Has anyone else been sexually accosted and verbally harassed in an Airbnb by their hosts? I am a single, professional executive female who travels domestically (US) and internationally extensively. I recently stayed in an owner-occupied Airbnb in Denver. This was my first time sharing a residence, though have been renting “entire place” Airbnbs for 5-6 years now.

In Denver, it’s now apparently illegal to short-term rent your space (it’s a felony) unless you – the owner – live inside the home as your primary residence. This made me a bit nervous, to share a residence with a stranger, as a single woman traveling alone, so I specifically looked for either woman-owned or couple-owned places. I found one owned by a male and female together. I was able to Google them based on their info on Airbnb and discovered the woman was an elected official in Denver, so felt even more comfortable renting a room there.

The first night I showed up, only the male owner and his male nephew were there. I arrived about 7:30 PM on a weeknight, only to find the owner seemingly very drunk (8-10 beer bottles on the kitchen counter). He showed me to my private room (note: in the listing, they do not say that they rent out up to three bedrooms at a time in their home, and all guests – so up to six – share one small bathroom) and when I came back downstairs to make some food in the shared kitchen, found the owner smoking pot (which is legal here in CO, and they do note in their listing that they are “420-friendly.”)

He began asking me about my kids, asked to see photos of my gay sons and said he’d like to “eat something as delicious as your boys sound.” Sadly, things got much worse from there. The female owner was out of town for the first half of my stay, and when I mentioned on my second day there that I needed to do a load of laundry (access to W/D is in their listing), I was told I “better hurry and get it done before [female owner] gets back home – she doesn’t like people in the basement and doesn’t like people using her things. Just do the laundry now and don’t tell her you did it.”
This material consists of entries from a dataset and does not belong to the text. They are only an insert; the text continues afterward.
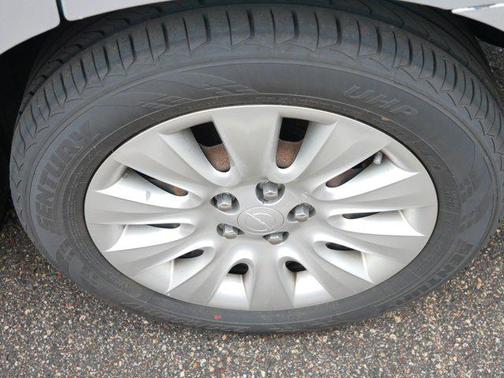 Bright Silver Metallic 2011 Chrysler 200 LX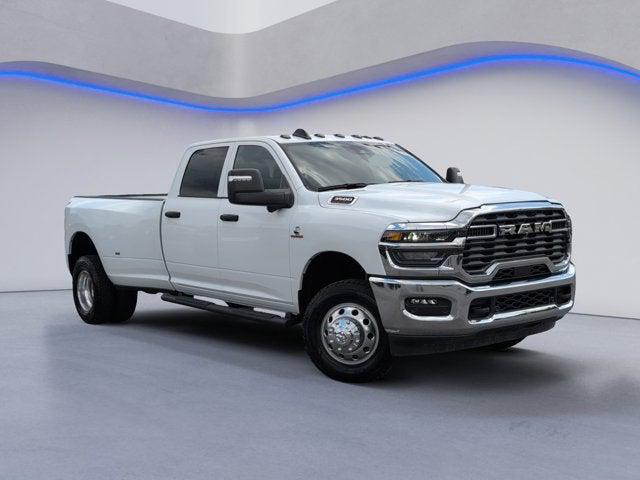 2025 RAM Ram 3500 RAM 3500 TRADESMAN CREW CAB 4X4 8 BOX
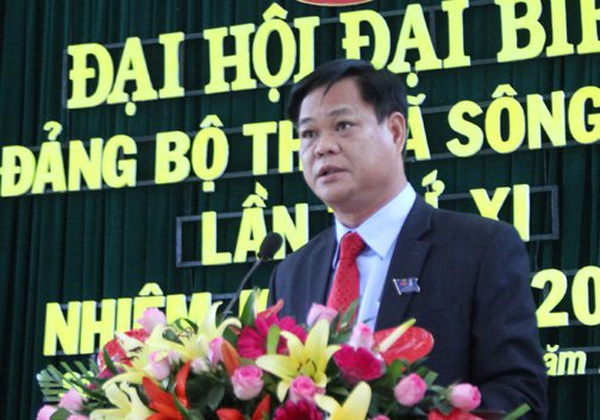 Bộ Chính trị kỷ luật cảnh cáo ông Huỳnh Tấn Việt. Ảnh NLĐ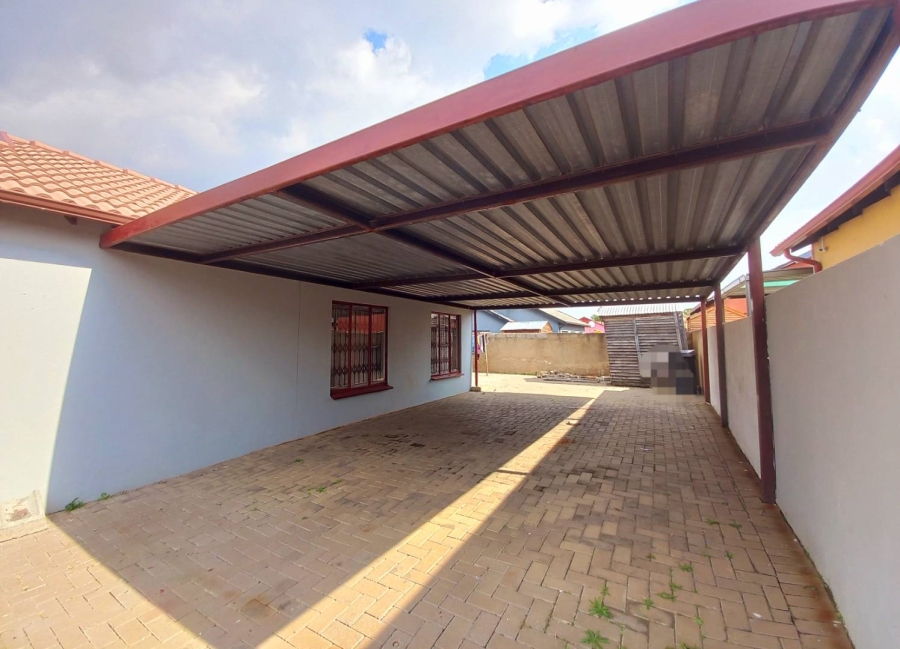3 Bedroom Property for Sale in Elandspoort Gauteng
The female owner did return from her travels. I barely met her for a few minutes as I was not comfortable in the home, so was staying in my rented bedroom with the door locked most of the time (there were huge festivals and conventions in Denver that week, so nowhere else to move/rent).

One night when I knew the owners were out, I came downstairs to make some food and work on my laptop. The female owner came home while I was cooking, and had clearly been drinking. She continued to drink, began insulting me for being a single mother, asked why I had so many kids, how I got so many gay kids (implying I’d done something “wrong” to have this outcome), etc.

I was doing my best to exit the conversation and go back to my bedroom when the female owner got into my personal space, said “I’m going to kiss you now,” and before anything even registered, she grabbed my face with both her hands and kissed me full-on on the lips, then began crying. I made an escape to my room, very shaken.

I left their property less than 36 hours later for good (as soon as I could), but not before the male owner (fiance of the female owner) apologized for her behavior, asked if I’d sit and talk with her and said she had just begun trauma counseling – that was why she was blackout drunk, put her hands (and lips) on me and had said so many inappropriate, discriminatory things.

I did report them to Airbnb as soon as I left. They assigned a case manager to me, and I explained how traumatizing the whole experience is, as I am a sexual assault survivor from an incident with a work colleague in 2015. All Airbnb did was to refund my stay, say they’d look into it, and then cut off all communications with me. Both my attorney and I have repeatedly tried to reach Airbnb via email and phone and cannot get anyone to address my continued issues. It’s been two months now since the incident. If anyone has any advice based on similar experiences with Airbnb, please do share.

Airbnb Experience just an opportunity for sexual assault?

Recently I booked several Airbnb Experiences during a long stay in Merida, Mexico. Most of these trips were magical experiences with wonderful guides and friendly tourists. One thing I learned quickly was that the guides preferred to have more than one guest on a tour. In general, this makes sense because fixed costs like transportation can be spread over several people.

I personally try to book tours early so that guides have time to rally other guests to help with costs, and since Airbnb does not enforce a minimum guest count. However, on one particular tour I was the only tourist. The Experience took me deep into the jungle with a man I didn’t know, to rural places where we were completely alone.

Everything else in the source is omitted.